Dans La Captive, par deux fois au moins, la réalisatrice filme des ombres. D’abord celle de la tête de Simon se projetant sur un écran, au tout début du film, lorsqu’il regarde les images en Super‑8. Ensuite, celles des amants en train de marcher, deux silhouettes semblant danser fugacement sur l’herbe au gré des pas qui les rapprochent ou les éloignent. L’ombre est inséparable des corps et, en ce sens, les fantômes en sont dépourvus. Avec La Captive, Akerman raconte moins l’histoire de fantômes que de revenants. Vertigo est d’ailleurs explicitement cité à plusieurs reprises (notamment dans un musée où la caméra tourne lentement autour du chignon d’une statue) et le voyeurisme contrarié de Simon n’est pas sans entretenir des points communs avec la pulsion scopique du torturé Scottie. Mais à quoi bon revenir ? Chez Chantal Akerman, on revient pour ne pas tourner la page, pour sortir de l’ombre.
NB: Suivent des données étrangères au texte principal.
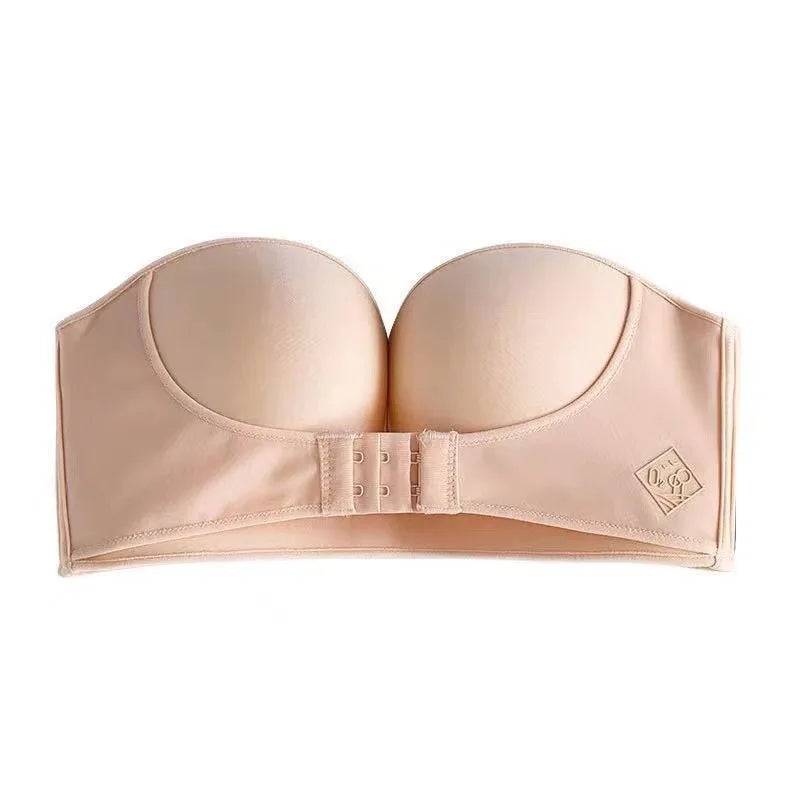 Invisible Strapless Bra Front Buckle Non - Underwire Non - Slip - Blocking Adjusted Girls' Underwear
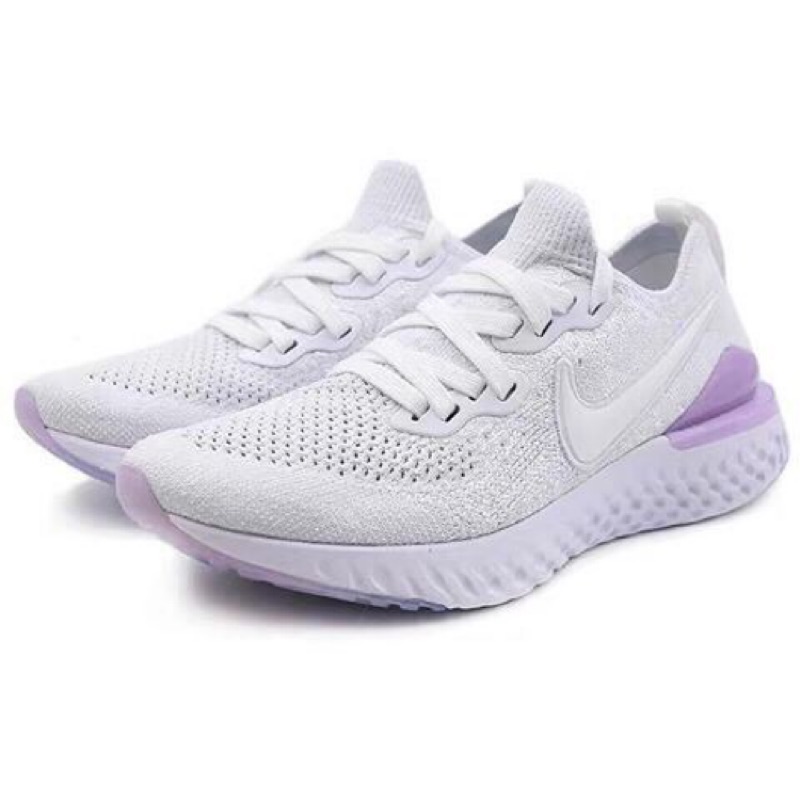 Nike Epic React Flyknit 2 粉紫 慢跑 氣墊 輕量 編織 紫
Extraite de l’océan d’oubli et exposée en pleine lumière, Ariane y retournera happée par la nuit. Elle fera enfin céder les bords du cadre (anticipant en cela le chaos à venir de La Folie Almayer), tout en laissant sur le rivage un Simon esseulé, lui-même revenu d’entre les morts. Le temps du film, elle aura existé, magnifique et inaltérable, et à travers elle, d’autres figures féminines de résistance (en premier lieu, celle de Madeleine), toutes ces filles « bien aimées », auront également refait surface.